> **Problem to work on**
Copy the entries below exactly, but only from the line containing "Bild: 9783435060719 |" through the final line.

(Dataset entries)
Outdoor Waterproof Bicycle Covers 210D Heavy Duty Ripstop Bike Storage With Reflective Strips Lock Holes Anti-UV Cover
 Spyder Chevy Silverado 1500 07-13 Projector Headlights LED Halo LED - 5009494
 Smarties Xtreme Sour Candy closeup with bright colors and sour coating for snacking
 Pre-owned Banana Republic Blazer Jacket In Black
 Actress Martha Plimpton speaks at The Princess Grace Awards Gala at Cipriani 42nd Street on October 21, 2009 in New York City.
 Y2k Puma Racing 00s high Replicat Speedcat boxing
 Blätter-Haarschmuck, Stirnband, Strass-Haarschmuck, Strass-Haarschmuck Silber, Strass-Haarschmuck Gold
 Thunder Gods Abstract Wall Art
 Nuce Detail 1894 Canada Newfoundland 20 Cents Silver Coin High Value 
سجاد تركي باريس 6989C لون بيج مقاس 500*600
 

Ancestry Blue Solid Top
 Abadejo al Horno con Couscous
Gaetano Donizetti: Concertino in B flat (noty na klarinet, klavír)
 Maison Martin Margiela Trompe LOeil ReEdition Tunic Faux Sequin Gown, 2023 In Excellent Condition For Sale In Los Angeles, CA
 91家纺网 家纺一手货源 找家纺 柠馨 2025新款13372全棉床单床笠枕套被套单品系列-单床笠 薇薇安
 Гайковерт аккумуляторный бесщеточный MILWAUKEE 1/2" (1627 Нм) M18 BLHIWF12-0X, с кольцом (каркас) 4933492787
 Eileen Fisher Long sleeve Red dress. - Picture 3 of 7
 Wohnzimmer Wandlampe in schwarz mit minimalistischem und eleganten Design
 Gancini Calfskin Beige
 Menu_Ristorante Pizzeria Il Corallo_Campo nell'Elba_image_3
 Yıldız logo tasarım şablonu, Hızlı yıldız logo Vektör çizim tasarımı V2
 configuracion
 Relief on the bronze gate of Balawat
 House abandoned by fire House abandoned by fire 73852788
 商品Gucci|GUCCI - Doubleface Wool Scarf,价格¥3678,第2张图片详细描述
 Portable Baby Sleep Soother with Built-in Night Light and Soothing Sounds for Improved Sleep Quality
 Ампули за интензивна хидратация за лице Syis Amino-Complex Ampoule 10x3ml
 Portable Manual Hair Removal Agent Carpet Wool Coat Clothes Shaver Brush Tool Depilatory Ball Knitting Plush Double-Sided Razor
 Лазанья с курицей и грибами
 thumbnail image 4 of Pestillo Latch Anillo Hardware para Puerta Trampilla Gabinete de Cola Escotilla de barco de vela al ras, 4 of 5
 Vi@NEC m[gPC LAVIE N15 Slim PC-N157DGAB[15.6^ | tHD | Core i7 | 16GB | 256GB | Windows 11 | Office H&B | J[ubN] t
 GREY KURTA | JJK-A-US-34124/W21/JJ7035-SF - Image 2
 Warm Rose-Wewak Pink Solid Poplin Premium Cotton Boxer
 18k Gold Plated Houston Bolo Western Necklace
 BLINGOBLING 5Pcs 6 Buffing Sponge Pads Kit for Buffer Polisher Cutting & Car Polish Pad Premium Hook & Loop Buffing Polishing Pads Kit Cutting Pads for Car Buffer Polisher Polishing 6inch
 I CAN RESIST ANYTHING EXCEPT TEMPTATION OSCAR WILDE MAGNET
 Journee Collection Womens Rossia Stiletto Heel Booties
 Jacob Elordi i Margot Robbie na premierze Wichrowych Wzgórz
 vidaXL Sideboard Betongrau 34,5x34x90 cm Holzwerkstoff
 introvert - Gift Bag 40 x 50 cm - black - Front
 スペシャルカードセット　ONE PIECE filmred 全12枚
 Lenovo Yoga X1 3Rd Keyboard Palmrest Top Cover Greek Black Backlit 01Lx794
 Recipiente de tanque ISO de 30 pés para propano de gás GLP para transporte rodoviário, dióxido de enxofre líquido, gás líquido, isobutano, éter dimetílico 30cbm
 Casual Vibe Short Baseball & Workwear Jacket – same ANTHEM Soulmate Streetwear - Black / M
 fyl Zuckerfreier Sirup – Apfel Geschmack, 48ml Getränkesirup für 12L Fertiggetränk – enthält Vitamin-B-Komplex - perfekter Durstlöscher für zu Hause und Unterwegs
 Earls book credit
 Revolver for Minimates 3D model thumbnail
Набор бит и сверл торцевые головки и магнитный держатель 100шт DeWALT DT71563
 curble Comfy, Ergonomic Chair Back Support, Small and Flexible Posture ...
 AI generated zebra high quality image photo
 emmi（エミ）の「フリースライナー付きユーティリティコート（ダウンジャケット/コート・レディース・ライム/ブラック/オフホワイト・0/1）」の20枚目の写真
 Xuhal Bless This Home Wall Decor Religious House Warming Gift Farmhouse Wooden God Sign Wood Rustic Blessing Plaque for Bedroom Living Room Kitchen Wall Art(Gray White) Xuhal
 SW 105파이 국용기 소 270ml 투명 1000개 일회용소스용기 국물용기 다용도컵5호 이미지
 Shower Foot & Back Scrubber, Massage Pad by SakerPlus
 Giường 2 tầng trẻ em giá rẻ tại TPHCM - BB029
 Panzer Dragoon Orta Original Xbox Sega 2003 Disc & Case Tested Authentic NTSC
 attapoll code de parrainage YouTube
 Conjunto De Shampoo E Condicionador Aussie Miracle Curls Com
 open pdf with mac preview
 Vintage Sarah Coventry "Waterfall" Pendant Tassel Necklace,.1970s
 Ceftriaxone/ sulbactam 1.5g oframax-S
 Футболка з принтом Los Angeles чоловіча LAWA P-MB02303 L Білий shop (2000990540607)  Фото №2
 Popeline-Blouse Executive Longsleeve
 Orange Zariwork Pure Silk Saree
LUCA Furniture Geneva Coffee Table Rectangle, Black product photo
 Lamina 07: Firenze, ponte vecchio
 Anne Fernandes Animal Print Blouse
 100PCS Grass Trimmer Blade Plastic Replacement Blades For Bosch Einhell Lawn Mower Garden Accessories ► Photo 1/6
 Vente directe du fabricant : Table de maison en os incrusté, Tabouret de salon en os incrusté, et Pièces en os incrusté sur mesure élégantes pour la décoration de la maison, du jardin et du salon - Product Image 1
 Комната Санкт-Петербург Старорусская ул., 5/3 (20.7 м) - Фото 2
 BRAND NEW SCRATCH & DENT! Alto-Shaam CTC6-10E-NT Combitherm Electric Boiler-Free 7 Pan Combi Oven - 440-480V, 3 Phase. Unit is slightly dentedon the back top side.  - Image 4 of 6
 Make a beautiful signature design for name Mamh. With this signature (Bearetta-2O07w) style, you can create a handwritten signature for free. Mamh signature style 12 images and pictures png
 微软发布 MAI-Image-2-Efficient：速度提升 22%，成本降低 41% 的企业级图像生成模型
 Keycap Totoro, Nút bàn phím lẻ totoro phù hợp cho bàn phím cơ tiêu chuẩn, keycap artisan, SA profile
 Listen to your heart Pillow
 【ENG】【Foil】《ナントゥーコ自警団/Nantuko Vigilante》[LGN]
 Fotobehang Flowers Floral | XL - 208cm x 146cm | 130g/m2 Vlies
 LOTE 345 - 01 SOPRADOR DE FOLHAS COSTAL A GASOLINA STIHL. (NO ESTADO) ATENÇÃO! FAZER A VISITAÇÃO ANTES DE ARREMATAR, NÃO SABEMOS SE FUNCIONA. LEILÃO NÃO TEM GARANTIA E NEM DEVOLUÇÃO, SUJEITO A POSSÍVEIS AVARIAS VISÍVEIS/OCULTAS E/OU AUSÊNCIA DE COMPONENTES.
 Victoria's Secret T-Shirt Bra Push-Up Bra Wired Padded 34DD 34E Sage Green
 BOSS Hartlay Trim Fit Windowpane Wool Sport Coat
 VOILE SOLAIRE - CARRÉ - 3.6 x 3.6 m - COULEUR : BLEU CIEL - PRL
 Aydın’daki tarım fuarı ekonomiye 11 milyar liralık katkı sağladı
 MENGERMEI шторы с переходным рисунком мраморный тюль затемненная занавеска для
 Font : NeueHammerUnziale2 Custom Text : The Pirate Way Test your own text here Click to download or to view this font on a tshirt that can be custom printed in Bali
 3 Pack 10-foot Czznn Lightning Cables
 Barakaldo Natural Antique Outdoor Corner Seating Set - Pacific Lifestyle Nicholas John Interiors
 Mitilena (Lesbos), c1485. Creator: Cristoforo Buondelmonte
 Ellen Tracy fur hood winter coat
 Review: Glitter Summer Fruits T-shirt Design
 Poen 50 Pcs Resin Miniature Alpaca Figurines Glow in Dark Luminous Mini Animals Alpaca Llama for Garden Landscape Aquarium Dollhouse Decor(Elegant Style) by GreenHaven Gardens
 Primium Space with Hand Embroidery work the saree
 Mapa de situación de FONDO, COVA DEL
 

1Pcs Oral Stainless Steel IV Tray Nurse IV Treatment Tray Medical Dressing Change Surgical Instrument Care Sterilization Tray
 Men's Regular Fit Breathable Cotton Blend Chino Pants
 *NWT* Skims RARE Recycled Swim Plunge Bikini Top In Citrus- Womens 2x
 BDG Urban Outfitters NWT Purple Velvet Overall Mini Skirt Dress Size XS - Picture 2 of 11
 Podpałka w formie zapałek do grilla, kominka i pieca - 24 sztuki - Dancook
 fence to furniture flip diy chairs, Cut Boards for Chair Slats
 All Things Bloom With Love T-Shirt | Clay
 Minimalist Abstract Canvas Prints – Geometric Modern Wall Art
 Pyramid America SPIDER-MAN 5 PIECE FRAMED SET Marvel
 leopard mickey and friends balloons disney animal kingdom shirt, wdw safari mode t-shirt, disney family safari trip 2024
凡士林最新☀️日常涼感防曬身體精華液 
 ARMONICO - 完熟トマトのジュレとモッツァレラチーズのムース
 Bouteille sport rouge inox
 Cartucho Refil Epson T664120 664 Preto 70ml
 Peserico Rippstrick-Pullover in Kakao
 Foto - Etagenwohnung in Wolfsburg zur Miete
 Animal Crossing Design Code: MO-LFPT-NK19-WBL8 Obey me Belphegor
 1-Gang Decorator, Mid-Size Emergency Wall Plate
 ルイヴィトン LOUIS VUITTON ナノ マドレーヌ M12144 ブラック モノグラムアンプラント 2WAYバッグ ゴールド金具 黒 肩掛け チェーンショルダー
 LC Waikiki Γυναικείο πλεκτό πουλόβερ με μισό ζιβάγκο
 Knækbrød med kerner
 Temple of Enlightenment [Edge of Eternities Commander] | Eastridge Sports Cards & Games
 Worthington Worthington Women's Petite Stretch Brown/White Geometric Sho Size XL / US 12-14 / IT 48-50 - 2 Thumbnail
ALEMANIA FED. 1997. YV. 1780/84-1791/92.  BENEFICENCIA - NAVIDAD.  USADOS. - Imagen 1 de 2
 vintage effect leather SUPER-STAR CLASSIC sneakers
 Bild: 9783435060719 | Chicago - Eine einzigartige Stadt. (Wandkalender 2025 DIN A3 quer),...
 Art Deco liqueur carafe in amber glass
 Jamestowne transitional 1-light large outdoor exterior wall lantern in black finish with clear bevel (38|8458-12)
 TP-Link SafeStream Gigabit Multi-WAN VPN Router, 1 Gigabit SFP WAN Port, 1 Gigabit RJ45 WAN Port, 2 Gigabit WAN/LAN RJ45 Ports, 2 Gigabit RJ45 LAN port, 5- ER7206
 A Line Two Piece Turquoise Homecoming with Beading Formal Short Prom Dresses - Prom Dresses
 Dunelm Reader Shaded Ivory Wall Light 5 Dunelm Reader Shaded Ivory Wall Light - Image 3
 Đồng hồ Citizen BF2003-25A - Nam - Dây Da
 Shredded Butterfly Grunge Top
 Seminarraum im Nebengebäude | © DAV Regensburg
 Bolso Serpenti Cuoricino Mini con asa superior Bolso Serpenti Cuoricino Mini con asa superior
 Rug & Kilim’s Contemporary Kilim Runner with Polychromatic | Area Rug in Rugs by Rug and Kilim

> **Exercise answer**
 Bild: 9783435060719 | Chicago - Eine einzigartige Stadt. (Wandkalender 2025 DIN A3 quer),...
 Art Deco liqueur carafe in amber glass
 Jamestowne transitional 1-light large outdoor exterior wall lantern in black finish with clear bevel (38|8458-12)
 TP-Link SafeStream Gigabit Multi-WAN VPN Router, 1 Gigabit SFP WAN Port, 1 Gigabit RJ45 WAN Port, 2 Gigabit WAN/LAN RJ45 Ports, 2 Gigabit RJ45 LAN port, 5- ER7206
 A Line Two Piece Turquoise Homecoming with Beading Formal Short Prom Dresses - Prom Dresses
 Dunelm Reader Shaded Ivory Wall Light 5 Dunelm Reader Shaded Ivory Wall Light - Image 3
 Đồng hồ Citizen BF2003-25A - Nam - Dây Da
 Shredded Butterfly Grunge Top
 Seminarraum im Nebengebäude | © DAV Regensburg
 Bolso Serpenti Cuoricino Mini con asa superior Bolso Serpenti Cuoricino Mini con asa superior
 Rug & Kilim’s Contemporary Kilim Runner with Polychromatic | Area Rug in Rugs by Rug and Kilim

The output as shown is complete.